The last serious contender I remember was Jimmy Wales, the founder of Wikipedia, when declared that "the search is broken", and the he is about to fix it with his Wikia Search project. That was bout two years ago and we are yet to see anything serious coming out of that.
In the past few days, a new search engine named Cuil was launched, again to the tunes of grandiose claims that it is bigger, faster, and better than Google. The founding husband-and-wife team of former Google search architect Anna Patterson and Stanford professor Tom Costello, however, served better to show us how not to launch a search engine!
As it is, Cuil still have ways to go. I believe it was fairly self destructive to launch it the way they did. There should have been a soft launch, many months of low-profile alpha, a slow move to beta, and so forth, in a careful, gradual manner.
Challenging Google shouldn't be taken that lightly! Everybody knows that web search is a very serious undertaking, otherwise everybody would have done it. Serious in all aspects, including infrastructure scalability, robust ranking algorithms (no excuse that the server in charge of sports shut down!), and mostly results that make sense, plain and simple.
I am surprised that Cuil didn't approach it this way, as it sounds like a very common sense approach!
One example of a basic expectation not fulfilled is when I searched for my company, iHorizons. For years, when I search Google for iHorizons, not only it places our website at the first place in its results, it also suggests to auto-complete the name correctly while I type it. And the rest of the results are mostly meaningful and diversified. Cuil, on the other hand, didn't have our website in the first few pages of their results, and the rest of entries found are not so useful; mostly news for a small number of sources.

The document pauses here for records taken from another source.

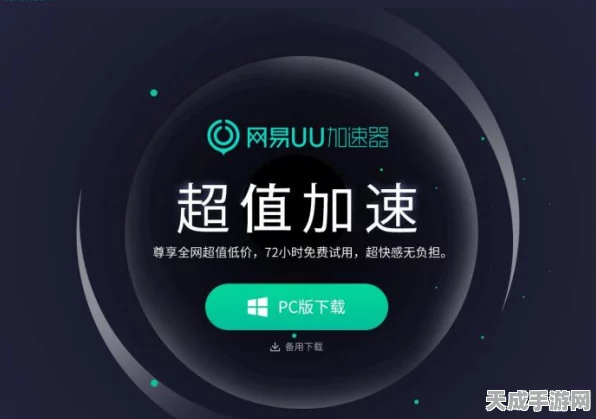 绝地求生M国际服新挑战，地铁逃生模式全攻略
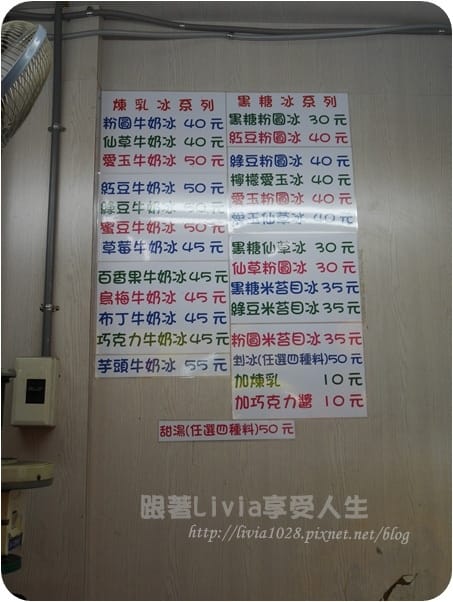 P1030183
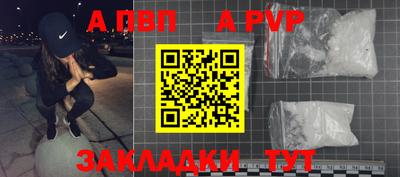 гашиш Изобильный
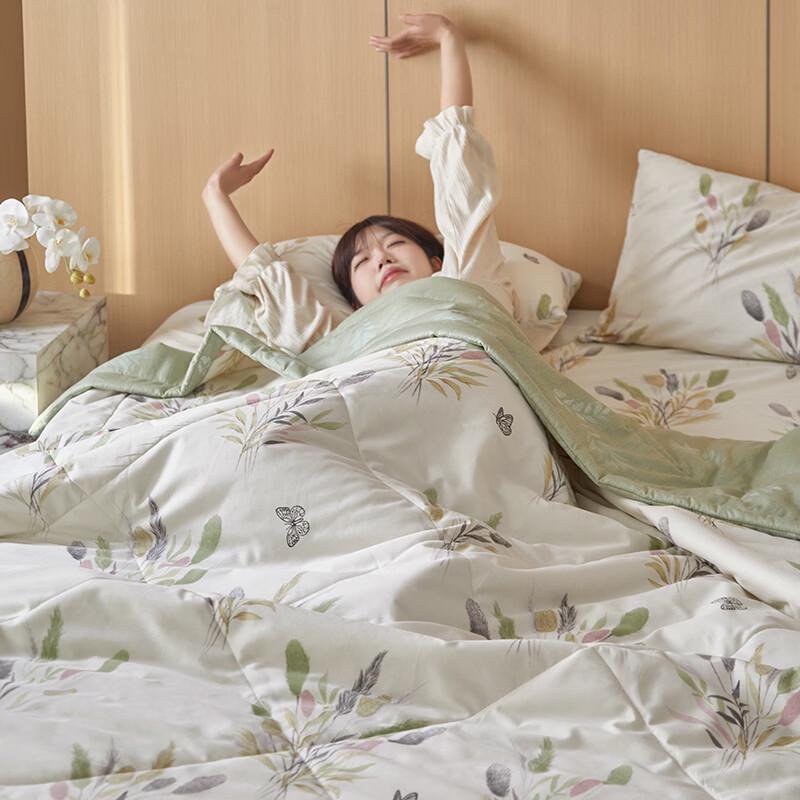 Yalu 100% Cotton Summer Quilt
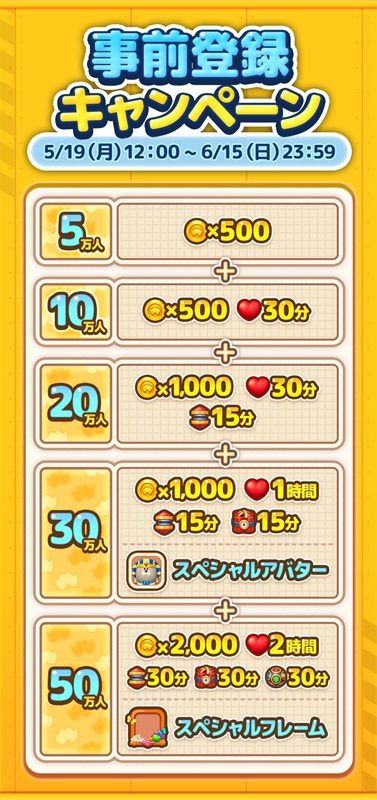 MatchFlight_Pre-registration_jp_zoom.jpg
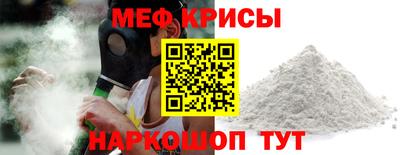 спайс Пушкино
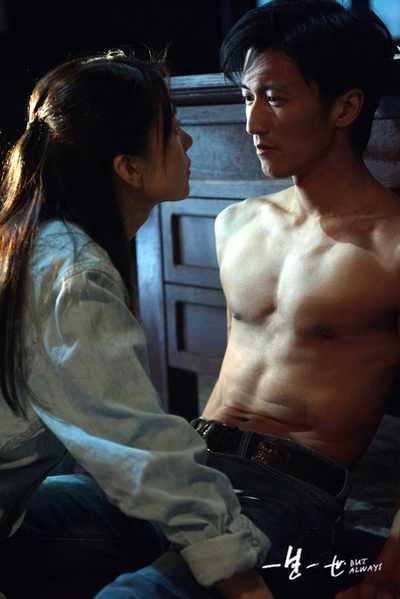 一生一世剧照的剧照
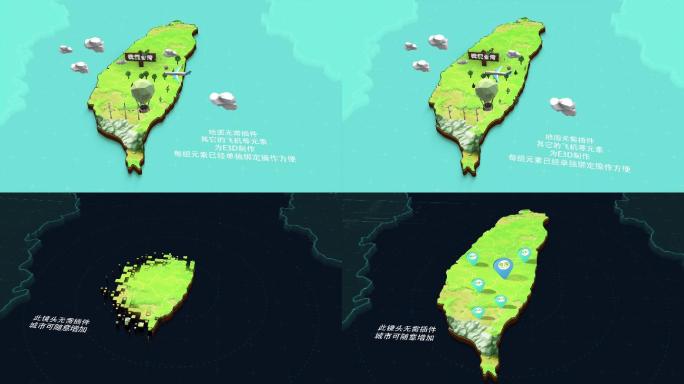 卡通三维地图卡通台湾地图MG地图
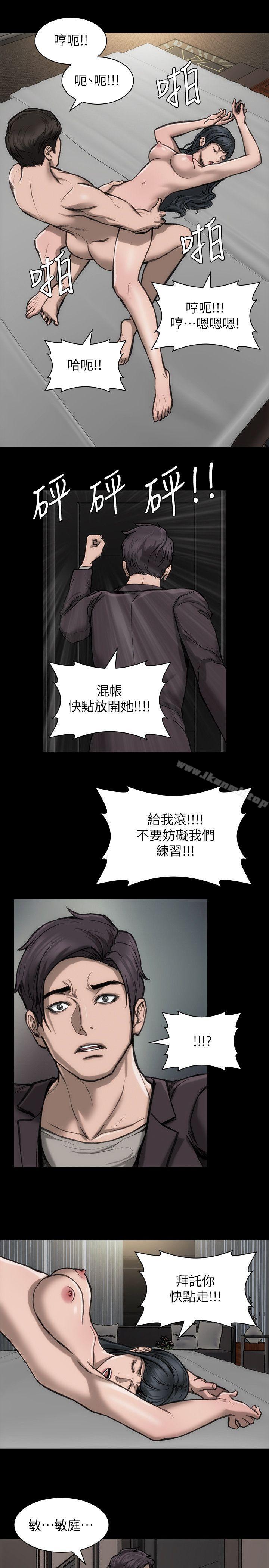 《女演員》漫画 第23話-新的女主角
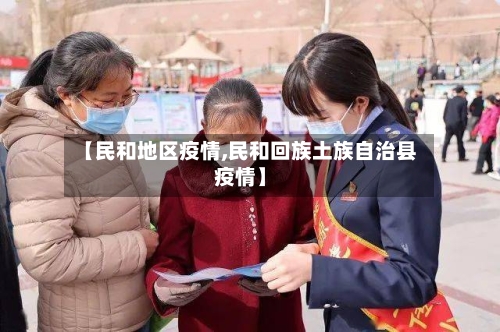 【民和地区疫情,民和回族土族自治县疫情】-第1张图片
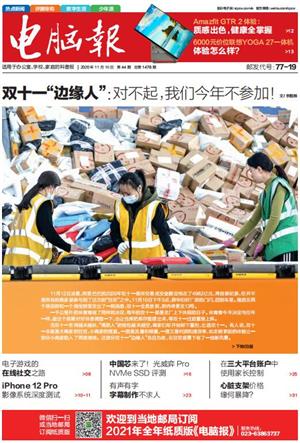 电脑报 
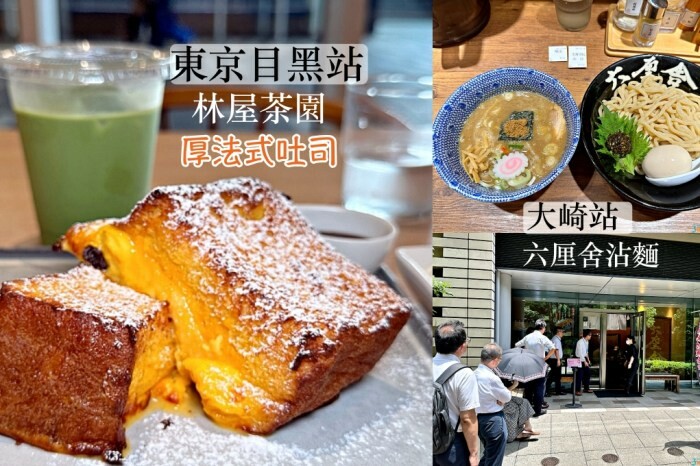 日本【東京住宿】京王PRESSO INN東京站八重洲-東京站對面步行3分鐘，絕佳地理位置，步行可達銀座、日本橋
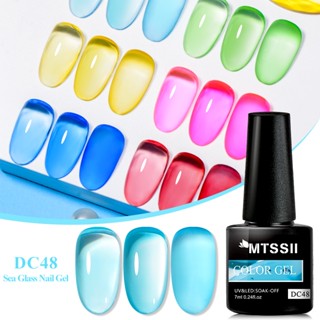 MTSSII ยาทาเล็บสีเจล สีทาเล็บเจลลูกแก้ว เล็บปลอม เล็บเจลยาว เจลปั้น ทําเล็บเจล 7ml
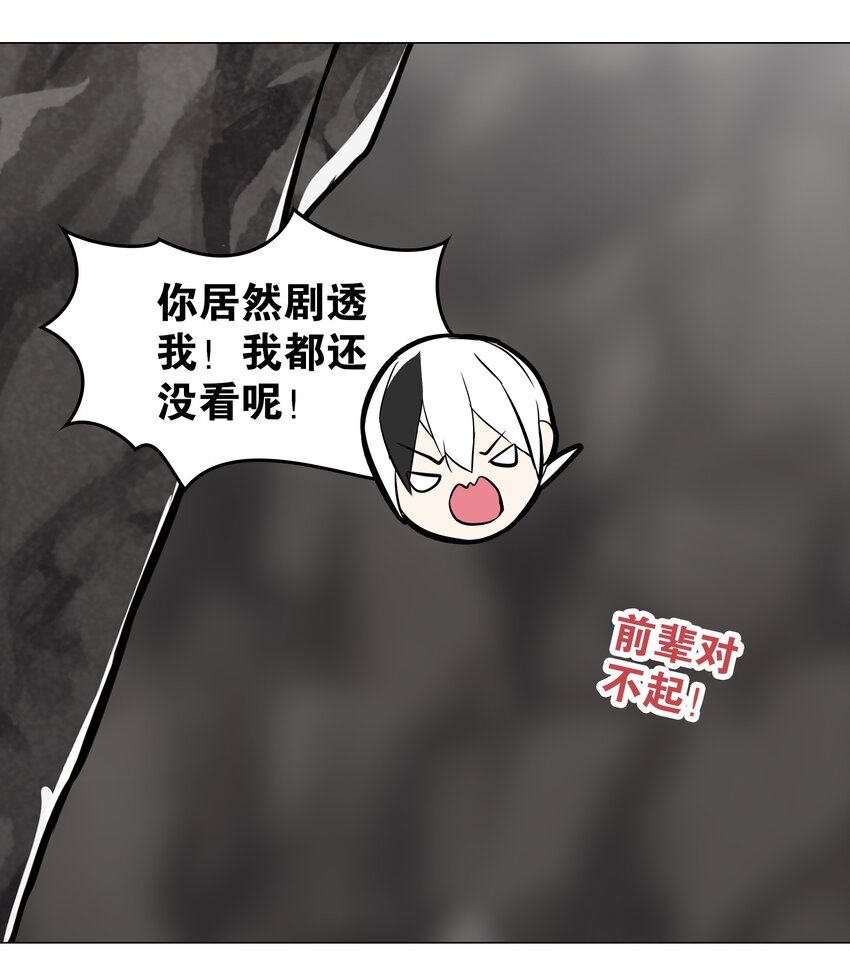 035 我会很温柔的94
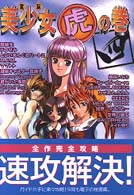 電脳美少女虎の巻 〈４〉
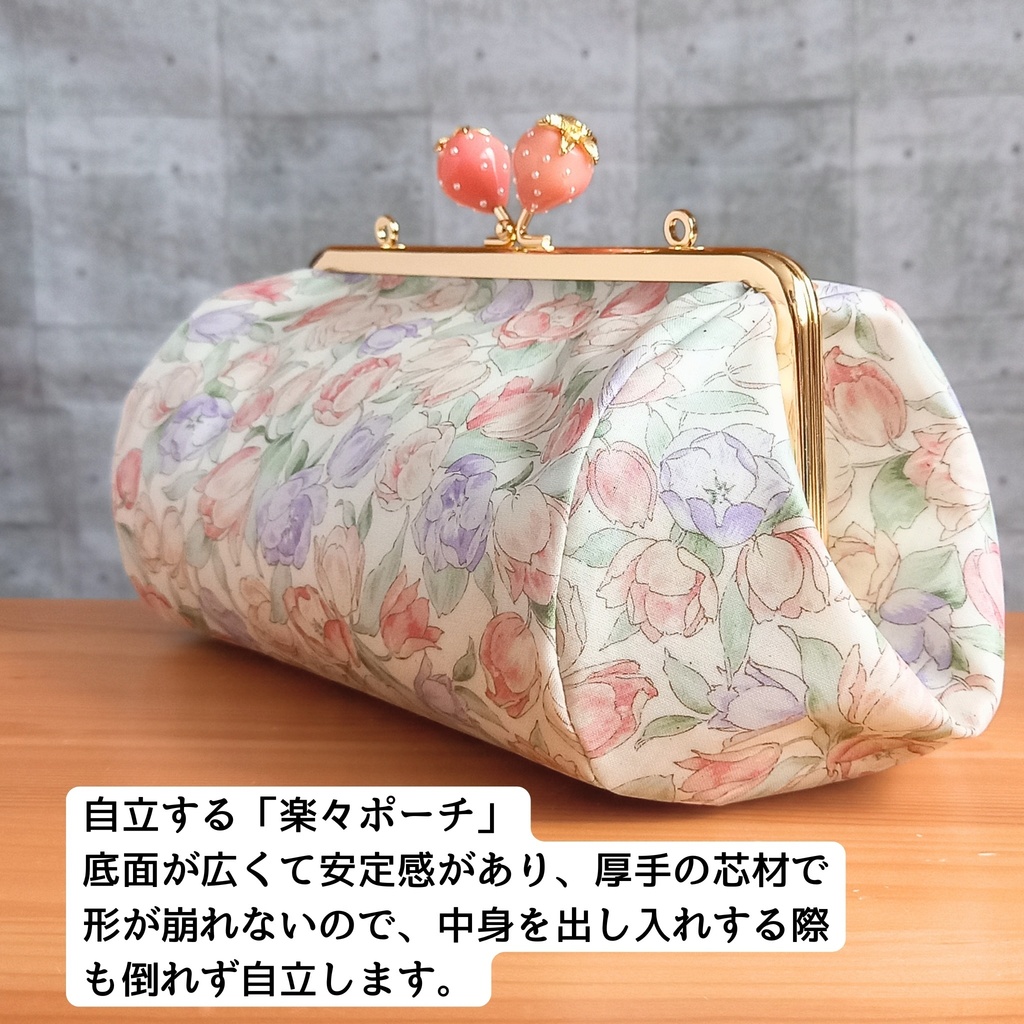 旅人さんの物語を閉じ込める―淡い春色【ぷっくりコロン♪】くすみカラー チューリップ マルチがま口ポーチ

So we still have ways to go to have a serious competitor to Google. And again, if Google remains the absolutely dominant search portal the way it is today, I expect innovation to slow down, at a time when we really need a lot of advancement to make search easier and more useful.
Having said that, it is important to remember that Google is not the dominant search portal in all countries. Far from it. Google takes a back seat to local search engines in some of the world's most-wired countries, like Korea, where Google has a mere 1.7 percent share of Korean Web searches, while the local search engine Naver handles more than 77 percent of Korean search. People there 'Naver' information rather than 'Googling' it. Same situation in China, where Baidu has the top spot, owning 64% of the market, compared with Google's 26%. In Russia people "Yandex" for information. I will elaborate on this in a future blog, with particular focus on Arabic search, and why we don't have a regional engine that has the lead in Arabic search. Arabic search is very broken, but who is going to fix it?